- WORK REQUIRED -
The response must be made up of the lines in the entries below that contain "Benz".

------------------------------------------------

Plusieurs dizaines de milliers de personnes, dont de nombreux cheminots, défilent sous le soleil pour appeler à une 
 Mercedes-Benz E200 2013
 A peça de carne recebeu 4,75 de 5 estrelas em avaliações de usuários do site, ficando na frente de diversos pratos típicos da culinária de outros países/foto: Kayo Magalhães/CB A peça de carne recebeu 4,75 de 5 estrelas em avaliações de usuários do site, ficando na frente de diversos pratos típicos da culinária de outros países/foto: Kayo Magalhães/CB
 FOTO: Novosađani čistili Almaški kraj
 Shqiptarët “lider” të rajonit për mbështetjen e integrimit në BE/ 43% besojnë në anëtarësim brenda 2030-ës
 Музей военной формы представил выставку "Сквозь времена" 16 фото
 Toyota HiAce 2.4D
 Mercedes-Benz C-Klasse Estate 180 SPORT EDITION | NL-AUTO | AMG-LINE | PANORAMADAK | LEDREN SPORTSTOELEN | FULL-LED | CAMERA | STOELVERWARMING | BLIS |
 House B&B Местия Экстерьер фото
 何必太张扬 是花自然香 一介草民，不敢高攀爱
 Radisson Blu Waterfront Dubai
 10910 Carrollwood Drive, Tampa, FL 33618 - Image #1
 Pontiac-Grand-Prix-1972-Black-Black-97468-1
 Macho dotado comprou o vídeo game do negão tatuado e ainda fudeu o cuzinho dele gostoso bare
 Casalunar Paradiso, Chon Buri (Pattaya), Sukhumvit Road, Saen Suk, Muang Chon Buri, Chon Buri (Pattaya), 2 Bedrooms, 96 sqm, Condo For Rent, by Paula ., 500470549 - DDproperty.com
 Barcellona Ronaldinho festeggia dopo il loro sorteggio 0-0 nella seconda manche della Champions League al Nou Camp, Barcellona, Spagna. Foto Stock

------------------------------------------------

- RESULT OF THE EXERCISE -
 Mercedes-Benz E200 2013
 Mercedes-Benz C-Klasse Estate 180 SPORT EDITION | NL-AUTO | AMG-LINE | PANORAMADAK | LEDREN SPORTSTOELEN | FULL-LED | CAMERA | STOELVERWARMING | BLIS |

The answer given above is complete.